Ukrayna’nın muhtemel
işgalinin önüne geçmek amacıyla ABD ve Avrupalı ülkeler Rusya ile diplomatik görüşmeler
yoluyla soruna çözüm bulmaya çaba harcadılar. Bu görüşmelerde Moskova, sınırdan
askeri birlikleri çekmesi karşılığında kendisine güvenlik garantileri verilmesi
talebinde bulundu. Rusya’nın talep ettiği güvenlik garantileri; NATO’nun doğuya
doğru genişlemesini durdurması, Ukrayna’nın NATO’ya üye kabul edilmemesi, Doğu
Avrupa’da bulunan NATO üyesi ülkelerde ABD’nin askeri varlığının azaltılması
şeklindeki taleplerden oluşmaktadır.

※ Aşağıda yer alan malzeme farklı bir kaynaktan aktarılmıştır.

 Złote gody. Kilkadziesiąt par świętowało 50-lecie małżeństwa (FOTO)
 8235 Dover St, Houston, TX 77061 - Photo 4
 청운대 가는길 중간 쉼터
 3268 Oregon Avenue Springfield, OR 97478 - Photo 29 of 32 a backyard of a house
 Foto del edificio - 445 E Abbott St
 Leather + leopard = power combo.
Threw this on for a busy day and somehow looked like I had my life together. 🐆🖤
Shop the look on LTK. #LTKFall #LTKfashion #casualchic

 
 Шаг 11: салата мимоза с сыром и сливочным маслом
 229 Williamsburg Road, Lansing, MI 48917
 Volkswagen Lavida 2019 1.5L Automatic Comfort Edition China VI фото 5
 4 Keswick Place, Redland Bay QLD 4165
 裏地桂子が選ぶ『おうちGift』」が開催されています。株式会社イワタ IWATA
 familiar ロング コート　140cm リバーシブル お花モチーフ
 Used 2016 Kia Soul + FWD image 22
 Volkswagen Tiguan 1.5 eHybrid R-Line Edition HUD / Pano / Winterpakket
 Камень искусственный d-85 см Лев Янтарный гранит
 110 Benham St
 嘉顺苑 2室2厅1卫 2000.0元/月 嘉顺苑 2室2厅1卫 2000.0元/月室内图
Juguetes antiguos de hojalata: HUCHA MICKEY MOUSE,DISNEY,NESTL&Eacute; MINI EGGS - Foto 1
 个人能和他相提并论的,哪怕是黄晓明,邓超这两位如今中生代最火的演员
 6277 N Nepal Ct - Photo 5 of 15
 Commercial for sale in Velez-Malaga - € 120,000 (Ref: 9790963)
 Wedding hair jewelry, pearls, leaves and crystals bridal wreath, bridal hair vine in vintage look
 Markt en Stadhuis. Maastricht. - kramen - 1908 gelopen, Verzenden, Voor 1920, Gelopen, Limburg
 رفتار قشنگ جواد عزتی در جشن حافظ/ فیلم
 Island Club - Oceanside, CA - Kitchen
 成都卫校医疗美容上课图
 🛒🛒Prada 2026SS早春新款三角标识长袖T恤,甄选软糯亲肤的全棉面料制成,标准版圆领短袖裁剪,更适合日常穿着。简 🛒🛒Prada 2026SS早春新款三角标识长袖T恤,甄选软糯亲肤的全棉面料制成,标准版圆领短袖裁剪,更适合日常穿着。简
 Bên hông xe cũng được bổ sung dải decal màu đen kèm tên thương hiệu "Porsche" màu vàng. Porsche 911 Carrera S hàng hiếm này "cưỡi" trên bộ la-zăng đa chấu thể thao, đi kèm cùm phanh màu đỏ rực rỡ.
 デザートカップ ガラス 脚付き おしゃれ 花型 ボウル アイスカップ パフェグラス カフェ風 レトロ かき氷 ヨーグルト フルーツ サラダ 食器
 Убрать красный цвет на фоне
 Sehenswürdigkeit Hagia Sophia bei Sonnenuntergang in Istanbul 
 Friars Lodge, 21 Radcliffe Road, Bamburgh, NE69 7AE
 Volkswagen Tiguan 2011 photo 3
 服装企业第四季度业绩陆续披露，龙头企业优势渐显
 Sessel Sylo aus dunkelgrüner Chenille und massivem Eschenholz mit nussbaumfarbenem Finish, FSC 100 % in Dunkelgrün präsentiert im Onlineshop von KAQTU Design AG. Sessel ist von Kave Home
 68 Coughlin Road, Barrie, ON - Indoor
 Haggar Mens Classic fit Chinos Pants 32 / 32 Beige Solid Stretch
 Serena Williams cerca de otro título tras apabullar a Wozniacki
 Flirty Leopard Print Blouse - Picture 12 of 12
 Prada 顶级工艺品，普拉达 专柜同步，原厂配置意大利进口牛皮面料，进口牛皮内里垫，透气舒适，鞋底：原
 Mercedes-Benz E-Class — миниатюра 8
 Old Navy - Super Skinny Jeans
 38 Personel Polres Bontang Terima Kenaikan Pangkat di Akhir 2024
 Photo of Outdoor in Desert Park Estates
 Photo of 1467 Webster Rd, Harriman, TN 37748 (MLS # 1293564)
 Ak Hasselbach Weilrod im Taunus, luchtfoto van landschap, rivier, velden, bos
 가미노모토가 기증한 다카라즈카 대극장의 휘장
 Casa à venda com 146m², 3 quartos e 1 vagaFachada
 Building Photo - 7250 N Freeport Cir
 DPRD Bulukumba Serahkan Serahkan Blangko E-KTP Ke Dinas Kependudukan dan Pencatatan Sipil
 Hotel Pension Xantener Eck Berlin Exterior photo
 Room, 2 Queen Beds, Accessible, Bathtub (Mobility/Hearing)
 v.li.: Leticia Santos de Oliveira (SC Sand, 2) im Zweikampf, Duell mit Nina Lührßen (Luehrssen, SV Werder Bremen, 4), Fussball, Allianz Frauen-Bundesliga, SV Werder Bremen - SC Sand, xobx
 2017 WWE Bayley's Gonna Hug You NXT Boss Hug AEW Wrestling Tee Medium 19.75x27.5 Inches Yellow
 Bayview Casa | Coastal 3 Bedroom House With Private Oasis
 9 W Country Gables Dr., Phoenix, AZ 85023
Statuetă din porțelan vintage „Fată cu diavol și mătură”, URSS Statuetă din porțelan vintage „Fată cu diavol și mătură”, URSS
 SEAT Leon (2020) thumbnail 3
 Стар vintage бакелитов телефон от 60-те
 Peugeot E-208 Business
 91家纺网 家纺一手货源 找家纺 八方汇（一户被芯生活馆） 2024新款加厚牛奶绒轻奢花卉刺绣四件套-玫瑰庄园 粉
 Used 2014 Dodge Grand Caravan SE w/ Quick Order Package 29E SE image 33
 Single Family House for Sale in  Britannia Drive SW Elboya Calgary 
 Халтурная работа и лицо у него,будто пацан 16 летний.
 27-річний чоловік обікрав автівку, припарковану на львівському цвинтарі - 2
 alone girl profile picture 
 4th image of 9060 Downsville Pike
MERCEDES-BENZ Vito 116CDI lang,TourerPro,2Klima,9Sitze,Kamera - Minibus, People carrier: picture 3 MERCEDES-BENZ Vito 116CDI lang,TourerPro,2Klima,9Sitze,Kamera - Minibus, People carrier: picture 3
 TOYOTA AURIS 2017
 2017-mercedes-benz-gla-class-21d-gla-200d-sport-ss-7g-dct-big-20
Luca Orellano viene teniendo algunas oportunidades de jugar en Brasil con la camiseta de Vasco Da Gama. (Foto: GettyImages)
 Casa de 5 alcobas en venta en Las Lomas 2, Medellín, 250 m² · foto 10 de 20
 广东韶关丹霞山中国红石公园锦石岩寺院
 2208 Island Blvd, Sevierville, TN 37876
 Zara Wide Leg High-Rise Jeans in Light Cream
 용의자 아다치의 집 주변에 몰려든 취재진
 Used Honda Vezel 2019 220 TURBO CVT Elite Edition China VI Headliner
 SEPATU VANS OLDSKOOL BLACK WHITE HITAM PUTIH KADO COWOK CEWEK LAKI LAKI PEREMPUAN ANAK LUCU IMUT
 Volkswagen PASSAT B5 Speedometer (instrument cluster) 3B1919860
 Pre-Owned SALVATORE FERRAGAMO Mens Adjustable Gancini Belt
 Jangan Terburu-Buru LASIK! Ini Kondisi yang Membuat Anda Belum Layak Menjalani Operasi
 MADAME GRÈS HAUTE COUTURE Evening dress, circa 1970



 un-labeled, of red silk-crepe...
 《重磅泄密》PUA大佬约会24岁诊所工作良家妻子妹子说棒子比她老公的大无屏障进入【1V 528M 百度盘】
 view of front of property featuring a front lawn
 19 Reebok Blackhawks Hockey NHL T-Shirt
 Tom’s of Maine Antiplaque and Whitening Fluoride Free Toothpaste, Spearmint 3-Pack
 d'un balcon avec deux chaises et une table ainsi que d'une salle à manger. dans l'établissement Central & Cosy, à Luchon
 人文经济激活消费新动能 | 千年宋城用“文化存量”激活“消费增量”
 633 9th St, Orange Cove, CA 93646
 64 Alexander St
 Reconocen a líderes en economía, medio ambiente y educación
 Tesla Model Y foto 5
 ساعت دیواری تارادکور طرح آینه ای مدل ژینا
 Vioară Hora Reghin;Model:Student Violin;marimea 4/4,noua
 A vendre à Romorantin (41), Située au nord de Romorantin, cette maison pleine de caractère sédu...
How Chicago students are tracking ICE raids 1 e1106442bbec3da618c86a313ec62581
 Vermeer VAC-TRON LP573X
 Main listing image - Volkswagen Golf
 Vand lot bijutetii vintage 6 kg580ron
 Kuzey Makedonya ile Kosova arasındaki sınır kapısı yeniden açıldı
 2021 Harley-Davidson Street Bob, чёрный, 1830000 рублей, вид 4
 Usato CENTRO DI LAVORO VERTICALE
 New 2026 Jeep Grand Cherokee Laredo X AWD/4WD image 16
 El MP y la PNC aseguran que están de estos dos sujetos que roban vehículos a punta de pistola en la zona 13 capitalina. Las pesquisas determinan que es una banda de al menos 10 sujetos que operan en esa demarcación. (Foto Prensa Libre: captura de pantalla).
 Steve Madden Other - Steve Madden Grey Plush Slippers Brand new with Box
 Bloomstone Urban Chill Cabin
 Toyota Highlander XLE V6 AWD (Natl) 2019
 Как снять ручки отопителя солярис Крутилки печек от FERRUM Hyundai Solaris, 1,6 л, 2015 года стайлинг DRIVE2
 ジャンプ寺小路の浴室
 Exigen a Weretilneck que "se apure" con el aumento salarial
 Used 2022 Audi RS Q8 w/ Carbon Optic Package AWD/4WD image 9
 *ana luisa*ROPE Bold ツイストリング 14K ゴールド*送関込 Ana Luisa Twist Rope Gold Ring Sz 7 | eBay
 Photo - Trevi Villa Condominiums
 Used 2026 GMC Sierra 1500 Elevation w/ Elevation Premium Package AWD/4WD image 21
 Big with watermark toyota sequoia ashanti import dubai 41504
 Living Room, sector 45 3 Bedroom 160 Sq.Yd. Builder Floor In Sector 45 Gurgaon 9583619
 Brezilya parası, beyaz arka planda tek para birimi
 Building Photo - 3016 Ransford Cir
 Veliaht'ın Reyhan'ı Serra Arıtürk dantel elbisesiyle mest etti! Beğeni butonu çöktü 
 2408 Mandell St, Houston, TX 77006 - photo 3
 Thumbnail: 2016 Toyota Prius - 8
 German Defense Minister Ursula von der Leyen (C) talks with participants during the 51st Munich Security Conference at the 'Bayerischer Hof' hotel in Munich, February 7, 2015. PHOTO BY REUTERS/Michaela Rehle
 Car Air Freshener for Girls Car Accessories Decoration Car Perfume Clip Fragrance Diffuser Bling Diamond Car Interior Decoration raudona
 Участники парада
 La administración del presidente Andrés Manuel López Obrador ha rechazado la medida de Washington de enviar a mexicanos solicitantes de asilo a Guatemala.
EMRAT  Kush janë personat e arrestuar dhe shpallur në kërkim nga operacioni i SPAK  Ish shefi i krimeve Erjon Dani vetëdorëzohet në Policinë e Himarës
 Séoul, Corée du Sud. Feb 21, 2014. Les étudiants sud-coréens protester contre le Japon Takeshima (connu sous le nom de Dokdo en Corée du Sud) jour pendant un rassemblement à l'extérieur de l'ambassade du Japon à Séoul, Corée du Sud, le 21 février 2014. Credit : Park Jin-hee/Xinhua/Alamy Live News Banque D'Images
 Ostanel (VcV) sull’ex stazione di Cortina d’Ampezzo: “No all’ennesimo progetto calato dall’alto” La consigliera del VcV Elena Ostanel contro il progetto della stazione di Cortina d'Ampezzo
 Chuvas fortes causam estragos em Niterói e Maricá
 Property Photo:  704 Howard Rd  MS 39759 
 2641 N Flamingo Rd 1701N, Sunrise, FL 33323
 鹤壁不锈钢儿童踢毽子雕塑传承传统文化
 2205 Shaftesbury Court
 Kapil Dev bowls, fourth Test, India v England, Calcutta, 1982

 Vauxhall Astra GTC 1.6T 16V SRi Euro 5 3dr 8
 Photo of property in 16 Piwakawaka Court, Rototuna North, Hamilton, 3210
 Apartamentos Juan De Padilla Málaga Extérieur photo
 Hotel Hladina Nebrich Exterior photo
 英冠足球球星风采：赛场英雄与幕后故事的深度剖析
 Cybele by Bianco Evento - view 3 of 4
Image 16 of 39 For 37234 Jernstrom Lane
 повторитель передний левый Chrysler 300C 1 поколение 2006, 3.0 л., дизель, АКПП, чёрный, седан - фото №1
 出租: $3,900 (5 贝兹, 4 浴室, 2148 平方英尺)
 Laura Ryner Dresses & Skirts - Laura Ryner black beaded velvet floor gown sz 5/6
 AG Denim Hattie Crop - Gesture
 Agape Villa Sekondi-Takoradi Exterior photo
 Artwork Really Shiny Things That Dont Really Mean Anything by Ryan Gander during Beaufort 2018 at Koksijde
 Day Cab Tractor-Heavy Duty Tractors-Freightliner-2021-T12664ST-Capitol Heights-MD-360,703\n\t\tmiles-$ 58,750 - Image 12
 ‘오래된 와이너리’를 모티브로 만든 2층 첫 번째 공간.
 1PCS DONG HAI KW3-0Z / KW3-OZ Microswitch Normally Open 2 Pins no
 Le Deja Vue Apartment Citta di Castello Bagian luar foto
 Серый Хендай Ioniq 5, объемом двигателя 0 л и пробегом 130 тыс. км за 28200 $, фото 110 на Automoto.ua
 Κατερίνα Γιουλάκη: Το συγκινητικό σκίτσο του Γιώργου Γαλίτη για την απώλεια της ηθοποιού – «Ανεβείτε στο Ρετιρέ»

Ancak ABD ve Avrupalı büyük güçler
(Almanya, Fransa ve İngiltere) Rusya’nın bu taleplerini kabul edilemez bularak
reddettiler. NATO, ABD ve Avrupalı ülkeler muhtelif toplantılarda yaptıkları
açıklamalarda egemen bir devlet olarak Ukrayna’nın NATO’ya üye olup
olmayacağının kararını vermek konusunda bağımsız olduğuna, Rusya’nın buna
karışamayacağına dikkat çektiler. Bununla birlikte Batılı ülkeler, Rusya’nın
Ukrayna’ya yönelik herhangi bir askeri saldırısı durumunda, Rusya’ya askeri
karşılık verilmeyeceği, yalnız ağır yaptırımlar uygulanacağı açıklamaları
yaptılar. Rusya’nın güvenlik garantilerinin karşılanmaması ve Ukrayna’nın
askeri olarak savunulmayacağı yönündeki açıklamalar Rusya’nın elini
güçlendirdi. Gelinen aşamada Rusya’nın Ukrayna’yı işgal planı uygulamaya
konuldu.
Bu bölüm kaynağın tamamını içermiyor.